As Saigon fell to the North Vietnamese 50 years ago this month, Browne’s reporting and private correspondence illuminates the tragedy that befell South Vietnam and its people in those final days, shows the resiliency of its refugees, and serves as a useful juxtaposition with the very different but equally heartbreaking U.S. withdrawal from Afghanistan in 2021.

Browne was no stranger to groundbreaking political events. He had served in the Korean War; as a fledgling journalist, he covered the civil rights movement in the South and reported from Cuba on its new revolutionary state under Castro in the late 1950s and early 1960s. The Associated Press sent him to Vietnam in 1961, three years before the Gulf of Tonkin incident that vastly escalated U.S. involvement in the war. Browne’s 1963 photograph capturing Buddhist monk Thích Quảng Đức’s self-immolation remains one of the iconic images of the war.

Malcolm Browne’s iconic photo of a monk’s self-immolation to protest persecution of Buddhists by the South Vietnamese (Wikimedia Commons)

During his first stint in Vietnam, from 1961-1965, Browne was stationed in Saigon as the Associated Press bureau chief.
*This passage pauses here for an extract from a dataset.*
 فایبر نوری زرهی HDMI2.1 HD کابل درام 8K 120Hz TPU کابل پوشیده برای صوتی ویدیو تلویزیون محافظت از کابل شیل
According to Pulitzer Prize-winning reporter Peter Arnett, who worked with Browne at the AP in Vietnam, Browne represented a shift within the industry. Unlike his fellow AP colleagues who, if they had attended college did so in the Midwest and often at state schools, Browne had graduated from Swarthmore with a degree in chemistry. He cut an imposing figure, towering over his fellow journalists at six-foot-three with wavy blonde hair. Aloof and intellectual, Browne was not “one of the boys,” noted Arnett. Moreover, Browne had the ear of newly appointed AP general manager Wes Gallagher, which also rankled his peers.
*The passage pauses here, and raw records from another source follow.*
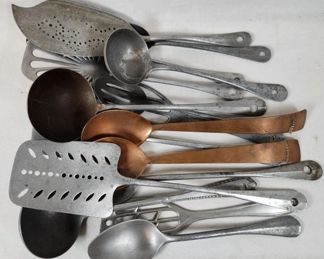 Vintage Aluminum and Copper Kitchen Utensils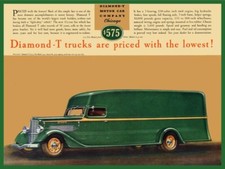 1935 Diamond T Trucks Model 352 Delivery New Metal Sign 12x16 Ships Free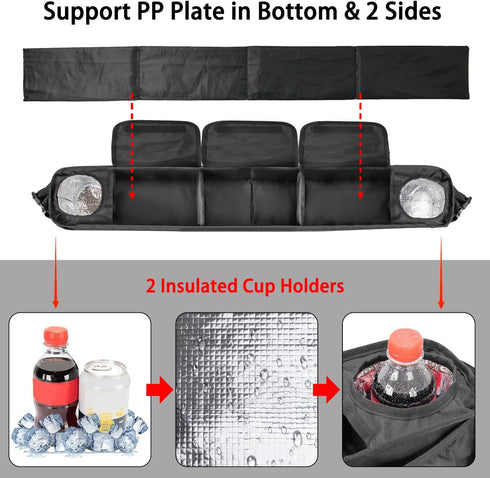 No-Drilling Golf Cart Inner Front Storage Basket with 2 Insulated Cup Holders, Foldable Dash Tray Organizer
Browne in 1964 (Wikimedia Commons)

Browne tended to keep his own counsel, adopting an almost detached attitude while submitting 3,000-word stories on the AP wire, which the news organization published much to the annoyance  of colleagues who believed the wire service should be providing shorter, more compact accounts, according to Arnett’s recounting in his book, Saigon Has Fallen.

As bureau chief, Browne created the Associated Press Short Guide to News Coverage in Vietnam, a 25-page manual for reporters working within his unit. “If the military had anything similar, it would have been classified,” wrote Arnett. Browne’s work was highly regarded, and he shared the 1964 Pulitzer Prize with fellow foreign correspondent David Halberstam.

The AP Press Guide written by Browne (Library of Congress)

While in Saigon, Browne met Huynh thi Le Lieu (Le Lieu), who then worked for the Saigon government’s information ministry. They married in 1966, by which time he had left the AP.

According to Browne, in the late 1950s both the South and North Vietnamese governments recruited Le Lieu; she chose the southern regime but eventually grew disillusioned with its authoritarian turn, later joining the United States Information Service. The move, along with Browne’s sometimes withering coverage of the South Vietnamese government, left them under police surveillance and experiencing harassment, according to Browne’s book, Muddy Boots and Red Socks: A War Reporter’s Life. The Brownes left Vietnam in 1966.

By 1968, he had landed at the New York Times, where he spent the next several years covering events in South America, South Asia, and Eastern Europe. Le Lieu, too, worked for the newspaper as a talented photographer, often accompanying her husband and photographing the events he covered.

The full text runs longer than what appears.